#### Material provided

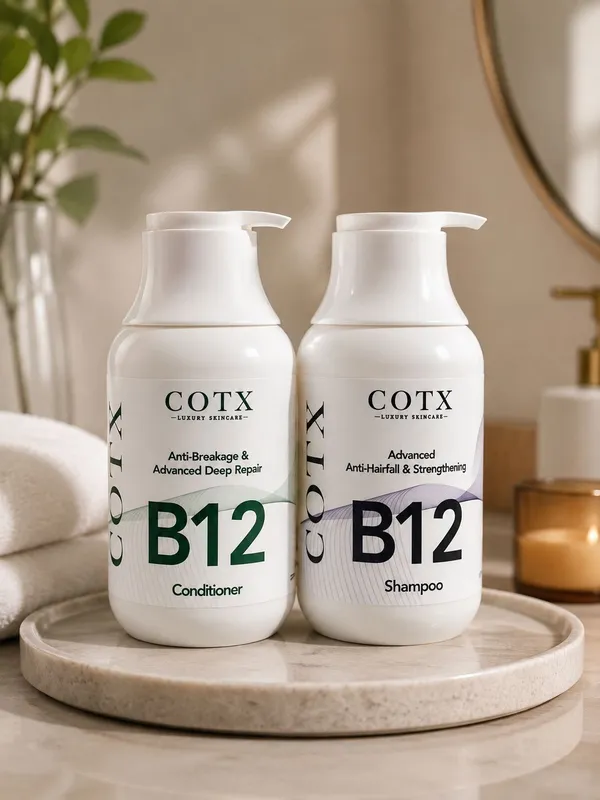 B12_Shampoo_And_Conditioner_Set_Pack_of_2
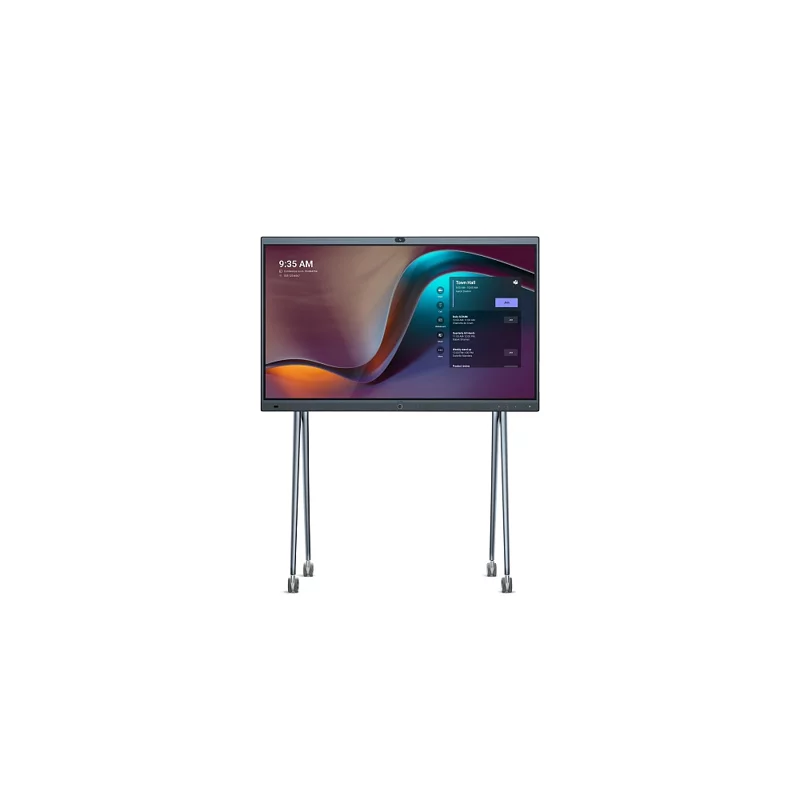 Картинка mb65-a001
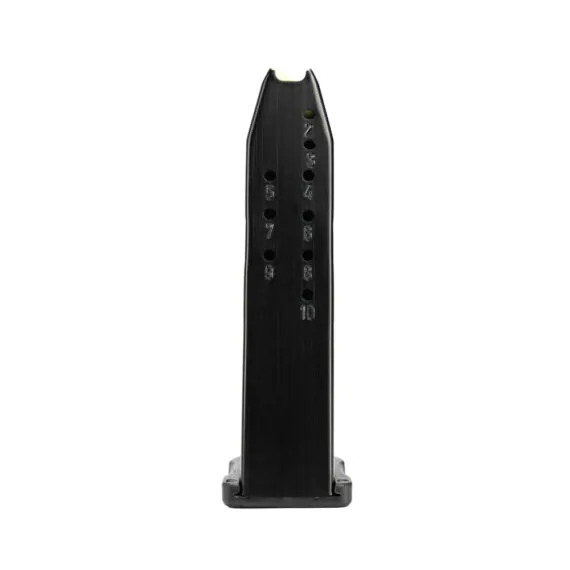 Rost Martin RM1C 9mm 10 Round Magazine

########

Exercise goal » Word for word, copy every line of the data, excluding any pictures.

Completed task »
 B12_Shampoo_And_Conditioner_Set_Pack_of_2
 Картинка mb65-a001
 Rost Martin RM1C 9mm 10 Round Magazine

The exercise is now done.